Diagnostics Makers Encouraged to Help Fight Antimicrobial Resistance

Education and additional rapid diagnostics are needed to help save lives, say advocates.

Daphne Allen

Deaths from antimicrobial resistance (AMR) could reach 10 million annually by 2050, fears a new industry alliance. Diagnostics manufacturers (along with those developing pharmaceutical and biotechnology products) have an important role to play in combating AMR, and these industries have formed an alliance to support such work.
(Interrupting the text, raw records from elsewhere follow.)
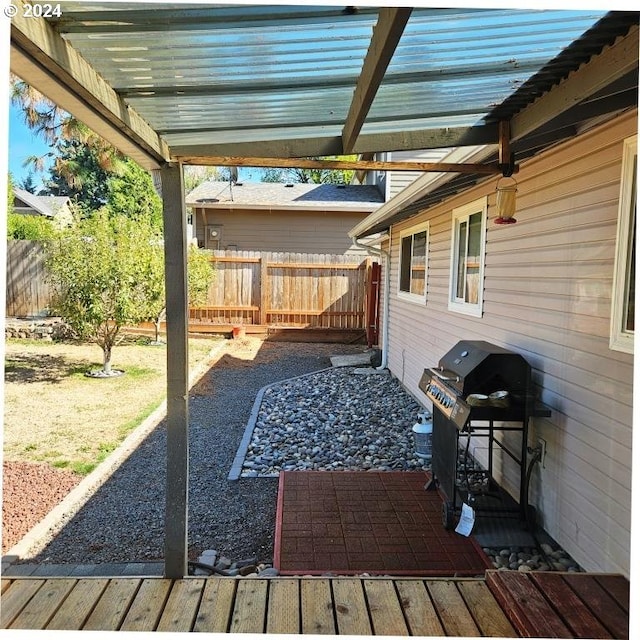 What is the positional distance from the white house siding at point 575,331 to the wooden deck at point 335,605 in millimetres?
535

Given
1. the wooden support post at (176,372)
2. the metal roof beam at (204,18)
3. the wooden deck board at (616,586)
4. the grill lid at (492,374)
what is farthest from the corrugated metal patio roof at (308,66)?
the wooden deck board at (616,586)

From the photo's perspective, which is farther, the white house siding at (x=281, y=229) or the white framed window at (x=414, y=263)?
the white house siding at (x=281, y=229)

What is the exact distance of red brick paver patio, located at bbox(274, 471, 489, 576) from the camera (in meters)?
2.99

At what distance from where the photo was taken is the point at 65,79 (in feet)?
5.04

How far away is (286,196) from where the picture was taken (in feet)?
48.1

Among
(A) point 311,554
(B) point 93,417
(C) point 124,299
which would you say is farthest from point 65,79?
(C) point 124,299

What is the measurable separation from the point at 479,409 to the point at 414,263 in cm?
492

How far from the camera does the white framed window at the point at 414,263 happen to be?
7056mm

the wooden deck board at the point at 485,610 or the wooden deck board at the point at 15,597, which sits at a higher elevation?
the wooden deck board at the point at 15,597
Antibiotics may be losing their effectiveness faster than newer ones are being introduced, reported the International Federation of Pharmaceutical Manufacturers & Associations (IFPMA) last year as these industries came together at the World Economic Forum in Davos in 2016 to begin formulating an action plan.

The AMR Industry Alliance officially kicked off this May, when IFPMA Director-General Thomas Cueni announced its launch at the B20 Health Conference in Berlin. “It is estimated that, unless action is taken, the burden of deaths from antimicrobial resistance could be as high as 10 million lives each year by 2050 – more than cancer,” claimed the alliance in a May 17 news statement marking the launch.

AdvaMedDx joined the alliance as a board member to raise awareness about diagnostics along with bioMerieux and Labcorp. “Diagnostics play a critical role in any strategy to fight AMR,” Tharini Sathiamoorthy, the Vice President of AdvaMedDx, told Qmed. “Diagnostics can help distinguish between infections that require antibiotic treatment and those that do not.”

The challenge is that diagnostics are often overlooked, she said. “Rapid diagnostic tests are available,” she said, but “one issue we have is that healthcare providers don’t always know about them.”

In addition, “a number of tests are being underutilized primarily because of reimbursement issues,” she added. “There are few incentives to use them under private insurance or CMS. The economic piece on why they should be reimbursed should be improved.”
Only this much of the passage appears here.